President’s Day is a holiday that’s evolved from separate birthday celebrations honoring George Washington and Abraham Lincoln to a combined day paying tribute to all our nation’s executives. “The Uniform Monday Holiday Act” of 1971 solidified its placement on the third Monday of February.

Honoring all presidents is a gracious and generous gesture, though most will agree not all presidents are worthy of equal adulation. The office, yes, but not the man. There have been numerous admirable chief executives and others who did more harm than good.

But on this holiday weekend, I was thinking about the many pastors who have ministered to the men who have served this nation in the Oval Office. In recent years, Dr. Billy Graham is often credited with crossing party lines and serving as a spiritual adviser to 13 White House occupants, even earning the nickname, “Pastor to the Presidents.”

Dr. Graham’s first visited President Truman. He was reportedly closest to Presidents Eisenhower and Nixon, and friendly with the Bush family.

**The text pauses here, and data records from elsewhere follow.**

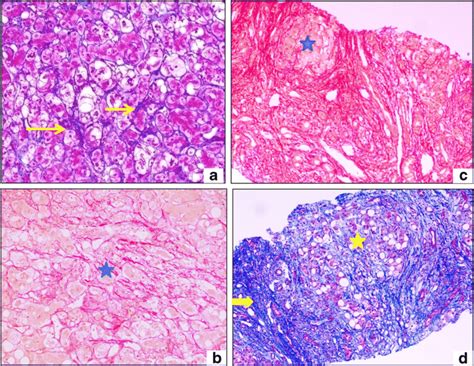 Perisinusoidal fibrosis stage.  Histologic features may overlap, especia...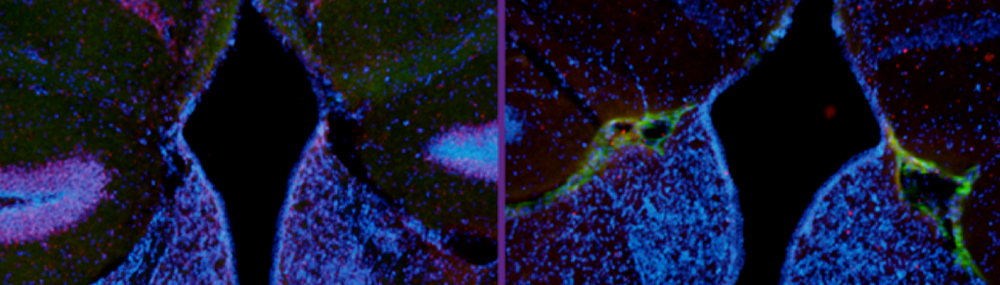 Fluorescent sections from mouse brains.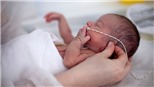 Đồ họa: Vì sao Việt Nam có tỷ lệ tử vong ở trẻ sinh non cao?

The Baptist minister John Gano is credited with baptizing George Washington. He was a member of the Continental Army and even participated in the famous crossing of the Delaware on Christmas night and the Battle of Trenton. When the Revolutionary War ended in 1783, pastor Gano was selected to pray to officially mark its conclusion.

President Washington’s successor, John Adams, once wrote that he was “a church going animal for seventy-six years, i.e. from the cradle.” Lemuel Briant wasn’t Adams’ pastor as president, but he was as a young man. President Adams remembered him as “a jocular and liberal scholar and divine.” Reverend Briant was controversial for his day, preaching about the need for faith to be vibrant and not frozen in rigid formality. Adams was deeply bothered with the way his pastor was attacked.

As president, Abraham Lincoln was extremely close to Dr. Phineas D. Gurley, who was Chaplain of the United States Senate and pastor of the New York Avenue Presbyterian Church. “I like Gurley,” President Lincoln once wrote. “He doesn’t preach politics. I get enough of that during the week, and when I go to church, I like to hear the Gospel.”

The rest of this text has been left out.